In 2004, the Alien Vampires recorded its first musical compositions, which the musicians described as Horror Trance. Shortly afterwards, the project released I’m Dead Fuck You online. In 2005, Alien Vampires signed a contract with the Italian label Kold Finger, which released their debut album Evil Generation (2005) and the 2007 EP Nuns are Pregnant.

In the summer of 2006, the track I Fuck Nuns was released on the compilation New Signs & Sounds, which was included as an audio supplement to the German magazine Zillo. In 2007, the track Evil Generation appeared on the compilation Noise Terror 2 — World Wide Electronics, curated by Johan Van Roy of Suicide Commando. That same year, Alien Vampires signed a contract with the American label BLC Productions to release their second full-length album No One Here Gets Out Alive.

After releasing the first two albums the project gained popularity among fans of extreme electronic music. In 2010, Alien Vampires signed a contract with the Belgian label Alfa Matrix. The first album released on the new label was Harshlizer. The album cover artwork caused controversy when several magazines refused to promote or review the album due to the depiction of nudity and apparent disrespect of religion.

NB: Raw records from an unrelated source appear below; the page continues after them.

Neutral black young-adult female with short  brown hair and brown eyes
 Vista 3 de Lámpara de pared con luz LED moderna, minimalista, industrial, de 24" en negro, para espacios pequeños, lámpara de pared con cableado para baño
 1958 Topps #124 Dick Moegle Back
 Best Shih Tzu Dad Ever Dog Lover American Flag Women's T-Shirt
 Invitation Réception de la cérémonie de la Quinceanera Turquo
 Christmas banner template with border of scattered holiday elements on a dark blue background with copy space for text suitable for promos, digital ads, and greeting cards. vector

In 2011, the band performed concerts in North America, Australia, and in the UK at Infest 2011.

In 2015, the album Drag You To Hell was released, followed by EPs and remix compilations. Drag You To Hell featured guest appearances by members of Ministry, Mayhem, and Psyclon Nine. The band's next full-length studio album, Return Me To Hell, was released in 2023. Nysrok Infernalien explained the long break by logistical difficulties, as he lives in London and Nightstalker is based in Milan.

==Collaborations==

The cover of Skinny Puppy's track Assimilate, featured on album Return Me To Hell, marked the last recording of Joey Jordison, the former Slipknot drummer who died in 2021. The cover was recorded in collaboration with Electhrone, Attila Csihar (Mayhem) and Istvan Zilahy (Plasma Pool).

Alien Vampires invited Chainreactor for a jam session on the track Hyperbolic Doubt. Alternative model and cage dancer Dani Devine contributed vocals to 2023 EP Witchy Bitchy.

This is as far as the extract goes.